Gardens glow amid greenhouse glass
CNN (London, England), July 15, 2005
-- A stunning exhibition of glass created by renowned American artist
Dale Chihuly has gone on display against the backdrop of London's Royal
Botanical Gardens at Kew.
Fusing vibrant colors and organic shapes, Gardens of Glass is set throughout
Kew's spectacular 300-acre landscape and includes installations inside
its famous Victorian glasshouses and floating on its ponds.
Three-meter-high glass reeds intertwine with cacti while glass herons
cast reflections amid the water lilies.
"Dale's work is bold, exuberant and bright and I think that the
scale of it is perfect for the gardens here at Kew. The diversity of
the natural forms work really well with the diversity of the plant forms,"
Kew exhibition manager Laura Giuffrida told CNN.
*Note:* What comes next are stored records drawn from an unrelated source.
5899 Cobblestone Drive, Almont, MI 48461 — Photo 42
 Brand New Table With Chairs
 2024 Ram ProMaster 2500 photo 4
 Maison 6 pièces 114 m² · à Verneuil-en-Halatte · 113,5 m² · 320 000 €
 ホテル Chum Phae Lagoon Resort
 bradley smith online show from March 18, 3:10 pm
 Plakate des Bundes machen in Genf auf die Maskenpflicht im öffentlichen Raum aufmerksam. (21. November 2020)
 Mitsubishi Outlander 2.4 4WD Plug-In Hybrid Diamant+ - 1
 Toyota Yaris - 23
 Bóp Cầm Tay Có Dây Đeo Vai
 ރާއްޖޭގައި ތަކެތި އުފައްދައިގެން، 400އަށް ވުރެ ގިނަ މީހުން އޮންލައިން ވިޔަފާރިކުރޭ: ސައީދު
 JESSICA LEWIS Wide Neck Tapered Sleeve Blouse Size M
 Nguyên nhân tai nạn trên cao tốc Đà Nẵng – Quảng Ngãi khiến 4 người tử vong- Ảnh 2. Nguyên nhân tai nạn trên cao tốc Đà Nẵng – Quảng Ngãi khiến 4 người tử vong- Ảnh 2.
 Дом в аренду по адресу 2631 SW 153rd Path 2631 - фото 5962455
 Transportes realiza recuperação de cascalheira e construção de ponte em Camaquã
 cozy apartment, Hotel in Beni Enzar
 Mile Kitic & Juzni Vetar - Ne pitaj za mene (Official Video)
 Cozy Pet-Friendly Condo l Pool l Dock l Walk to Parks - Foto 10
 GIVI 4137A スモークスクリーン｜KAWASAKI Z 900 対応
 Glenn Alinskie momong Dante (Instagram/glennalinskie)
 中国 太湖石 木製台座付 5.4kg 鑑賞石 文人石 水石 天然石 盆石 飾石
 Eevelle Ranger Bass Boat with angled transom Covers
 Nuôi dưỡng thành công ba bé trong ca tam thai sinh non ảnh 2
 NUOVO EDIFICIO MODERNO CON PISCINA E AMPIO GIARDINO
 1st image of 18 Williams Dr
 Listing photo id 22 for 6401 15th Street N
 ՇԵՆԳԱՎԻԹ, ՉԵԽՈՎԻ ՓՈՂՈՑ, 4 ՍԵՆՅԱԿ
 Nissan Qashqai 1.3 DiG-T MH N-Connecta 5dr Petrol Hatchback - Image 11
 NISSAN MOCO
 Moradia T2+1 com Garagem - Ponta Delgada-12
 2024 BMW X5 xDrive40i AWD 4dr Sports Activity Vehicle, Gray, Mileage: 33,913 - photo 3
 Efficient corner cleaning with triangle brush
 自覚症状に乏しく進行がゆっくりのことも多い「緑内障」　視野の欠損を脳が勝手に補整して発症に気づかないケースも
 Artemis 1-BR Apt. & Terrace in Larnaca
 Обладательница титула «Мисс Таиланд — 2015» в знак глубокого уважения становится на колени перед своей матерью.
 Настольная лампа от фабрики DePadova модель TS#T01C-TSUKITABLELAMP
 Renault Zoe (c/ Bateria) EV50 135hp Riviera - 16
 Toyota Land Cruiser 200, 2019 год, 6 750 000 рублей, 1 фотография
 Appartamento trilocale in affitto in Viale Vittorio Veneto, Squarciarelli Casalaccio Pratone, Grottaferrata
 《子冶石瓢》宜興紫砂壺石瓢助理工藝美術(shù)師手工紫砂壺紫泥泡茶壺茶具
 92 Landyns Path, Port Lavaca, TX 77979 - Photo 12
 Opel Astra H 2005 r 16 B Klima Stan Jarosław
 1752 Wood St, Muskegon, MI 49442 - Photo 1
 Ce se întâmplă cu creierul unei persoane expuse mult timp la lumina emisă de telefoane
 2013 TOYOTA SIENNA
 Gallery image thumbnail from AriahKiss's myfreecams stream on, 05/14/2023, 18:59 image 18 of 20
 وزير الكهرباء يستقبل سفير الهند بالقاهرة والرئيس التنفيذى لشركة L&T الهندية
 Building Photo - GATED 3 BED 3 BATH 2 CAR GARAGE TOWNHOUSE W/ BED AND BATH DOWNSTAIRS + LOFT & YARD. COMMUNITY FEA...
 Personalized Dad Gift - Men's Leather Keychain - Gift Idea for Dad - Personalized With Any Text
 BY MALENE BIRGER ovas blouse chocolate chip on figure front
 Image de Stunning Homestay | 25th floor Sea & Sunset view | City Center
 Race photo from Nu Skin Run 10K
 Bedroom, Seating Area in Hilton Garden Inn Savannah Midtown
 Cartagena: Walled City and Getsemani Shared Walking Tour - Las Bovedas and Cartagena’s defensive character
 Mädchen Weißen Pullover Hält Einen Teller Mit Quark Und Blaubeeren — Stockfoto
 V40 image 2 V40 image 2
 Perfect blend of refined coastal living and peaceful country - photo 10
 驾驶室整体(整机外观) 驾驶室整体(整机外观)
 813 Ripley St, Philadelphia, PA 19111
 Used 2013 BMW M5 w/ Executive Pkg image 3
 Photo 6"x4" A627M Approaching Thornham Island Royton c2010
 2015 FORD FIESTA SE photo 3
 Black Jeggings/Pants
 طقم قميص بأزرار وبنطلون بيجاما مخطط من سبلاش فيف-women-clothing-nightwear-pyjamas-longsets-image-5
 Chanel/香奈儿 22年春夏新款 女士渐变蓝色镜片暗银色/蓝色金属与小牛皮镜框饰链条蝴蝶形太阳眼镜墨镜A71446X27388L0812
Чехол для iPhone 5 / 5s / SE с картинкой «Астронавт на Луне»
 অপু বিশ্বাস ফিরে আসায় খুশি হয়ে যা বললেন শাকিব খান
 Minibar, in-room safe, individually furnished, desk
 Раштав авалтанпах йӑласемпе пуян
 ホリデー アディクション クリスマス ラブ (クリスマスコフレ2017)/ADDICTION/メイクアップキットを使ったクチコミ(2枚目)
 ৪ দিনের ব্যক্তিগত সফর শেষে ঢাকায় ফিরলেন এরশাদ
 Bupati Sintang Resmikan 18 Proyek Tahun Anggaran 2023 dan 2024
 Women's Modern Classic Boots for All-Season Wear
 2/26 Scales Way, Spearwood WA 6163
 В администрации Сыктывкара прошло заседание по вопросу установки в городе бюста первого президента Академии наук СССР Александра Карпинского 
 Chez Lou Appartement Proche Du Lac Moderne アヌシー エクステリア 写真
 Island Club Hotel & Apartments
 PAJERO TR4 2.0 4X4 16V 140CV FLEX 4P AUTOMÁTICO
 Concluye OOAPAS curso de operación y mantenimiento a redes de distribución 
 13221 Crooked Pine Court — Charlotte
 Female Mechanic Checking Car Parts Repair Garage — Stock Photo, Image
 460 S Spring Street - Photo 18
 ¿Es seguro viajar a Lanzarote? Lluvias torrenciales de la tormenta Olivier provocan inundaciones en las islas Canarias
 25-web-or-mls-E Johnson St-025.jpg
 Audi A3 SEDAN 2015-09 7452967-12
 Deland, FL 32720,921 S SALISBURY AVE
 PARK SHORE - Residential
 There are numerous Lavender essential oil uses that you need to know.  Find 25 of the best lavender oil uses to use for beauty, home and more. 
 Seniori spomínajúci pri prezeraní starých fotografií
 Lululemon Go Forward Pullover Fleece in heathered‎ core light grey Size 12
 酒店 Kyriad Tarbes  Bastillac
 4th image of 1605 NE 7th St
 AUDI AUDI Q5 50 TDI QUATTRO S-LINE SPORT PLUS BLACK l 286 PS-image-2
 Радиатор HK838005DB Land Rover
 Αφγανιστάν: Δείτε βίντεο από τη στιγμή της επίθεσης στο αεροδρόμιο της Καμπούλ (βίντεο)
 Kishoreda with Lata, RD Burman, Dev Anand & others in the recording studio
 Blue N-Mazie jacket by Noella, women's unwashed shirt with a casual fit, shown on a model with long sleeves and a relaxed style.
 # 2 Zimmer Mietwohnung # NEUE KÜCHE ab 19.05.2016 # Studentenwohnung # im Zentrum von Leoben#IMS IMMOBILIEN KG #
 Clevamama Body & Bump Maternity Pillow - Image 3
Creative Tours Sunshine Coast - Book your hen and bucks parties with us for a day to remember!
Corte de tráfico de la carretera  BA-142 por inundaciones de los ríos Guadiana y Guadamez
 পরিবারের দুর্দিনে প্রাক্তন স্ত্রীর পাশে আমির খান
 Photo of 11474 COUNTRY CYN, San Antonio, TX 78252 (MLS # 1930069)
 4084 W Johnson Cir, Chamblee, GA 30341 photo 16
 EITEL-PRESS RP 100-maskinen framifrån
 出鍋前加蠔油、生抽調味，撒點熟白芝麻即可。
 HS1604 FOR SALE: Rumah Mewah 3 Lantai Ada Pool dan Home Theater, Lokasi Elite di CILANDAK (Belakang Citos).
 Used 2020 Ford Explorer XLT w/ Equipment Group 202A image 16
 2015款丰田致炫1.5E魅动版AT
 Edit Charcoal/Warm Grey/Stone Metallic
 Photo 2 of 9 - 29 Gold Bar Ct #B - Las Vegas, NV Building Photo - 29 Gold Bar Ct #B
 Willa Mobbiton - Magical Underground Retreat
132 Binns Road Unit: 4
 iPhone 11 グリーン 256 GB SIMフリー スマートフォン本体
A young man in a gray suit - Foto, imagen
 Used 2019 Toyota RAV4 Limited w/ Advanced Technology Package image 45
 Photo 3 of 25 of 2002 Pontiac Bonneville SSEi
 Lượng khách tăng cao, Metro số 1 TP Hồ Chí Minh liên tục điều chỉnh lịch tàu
"And I think the combination of the two has a real magic and lends
a real excitement and the visitors going through the exhibition are
visibly excited by that combination."
The exhibition includes Chihuly's newest series of work, Fiori,
which has never been seen in Europe before, as well as pieces designed
specifically for Kew and adaptations of some of his best-loved works
including Macchia and Chandeliers.
Critics have hailed the collection, with the Daily Telegraph newspaper
claiming that it "successfully melds art and craft with a deep
intuitive understanding of the unstoppable creative forces at work in
the natural world."
Chihuly, who has been using glass since the mid-60s, creates all of
his work in a studio in Seattle, building monumental pieces from thousands
of pieces of hand-blown glass.
Those have been carefully re-assembled at Kew, yet other pieces are
barely visible amid the foliage and could easily be mistaken for delicate
exotic flowers.
Chihuly describes working at Kew as "a dream come true" and
says he wanted to create an exhibition that looked as if it belonged
there.
"My forms are made in a very natural way so they look like they
come from nature. They work in a greenhouse and work with plants because
they don't really look like the plants that are there but they complement
the plants that are there," he said.